Work order — Write out the lines starting at the one that holds "Accessorio per capelli" and ending with the final line of the data, exactly and with no others.

Data provided —
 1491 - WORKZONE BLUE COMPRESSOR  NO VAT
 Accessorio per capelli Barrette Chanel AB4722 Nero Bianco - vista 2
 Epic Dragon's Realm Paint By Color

The completed task —
 Accessorio per capelli Barrette Chanel AB4722 Nero Bianco - vista 2
 Epic Dragon's Realm Paint By Color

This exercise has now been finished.